Salah satu pembicara dalam rangkaian acara konferensi, Citra Dyah Prastuti (KBR 68H), menyampaikan bahwa jurnalis harus dapat menjelaskan tentang duduk perkara tertentu.
Sebab, masyarakat kerap memberi stigma pada kelompok-kelompok agama tertentu tanpa mengetahui secara mendalam.
Media, kata dia, harus bisa memberikan perspektif yang mencerahkan.
"Kadang-kadang kita memberikan stigma karena kita tidak tahu kelompok itu atau isu itu," ujar Citra.

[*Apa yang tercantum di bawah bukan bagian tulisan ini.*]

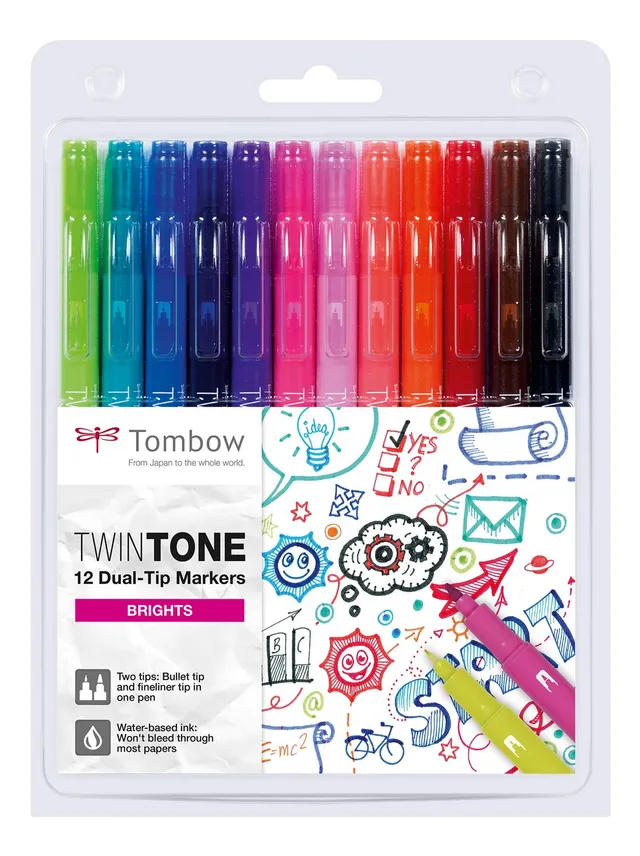 tombow-twintone-marker-set-bright-12-farben-dual-tip image 1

Pembicara lainnya, Uday Basu (The Statesman, India) menuturkan bahwa media harus dapat memberikan peliputan yang baik dan dapat memberikan informasi yang lengkap kepada masyarakat. Termasuk dalam konteks peliputan isu agama.
"Kita bisa kontak pemuka agamanya dan mewawancarainya untuk mendapatkan hasil peliputan yang baik,", tuturnya.
Kisah lainnya diungkapkan jurnalis lepas asal Filipina, Isabel Templo. Di negaranya, kata Isabel, penganut Katolik sangat dominan dengan angka mencapai 80 persen penduduk. Peran gereja sangat dominan di sana.
Isabel kemudian berbagi pengalamannya meliput. Para pemuka agama, menurut dia, sangat terbuka untuk diwawancarai.
Ia pun mengaku tak ada kesulitan akses dalam meliput isu agama. Hanya saja, para jurnalis harus bisa menyesuaikan diri saat bergabung pada kelompok tertentu.
Misalnya, kata Isabel, saat mewawancarai Imam (pemuka agama Islam), ia mengenakan scarf. Sebab, dalam Islam, perempuan mengenakan kain untuk menutupi auratnya.
"Saat interview, pastikan menggubakan scarf karena sangat sensitif. Mereka tahu aku Kristen, itu tidak masalah," kata Isabel.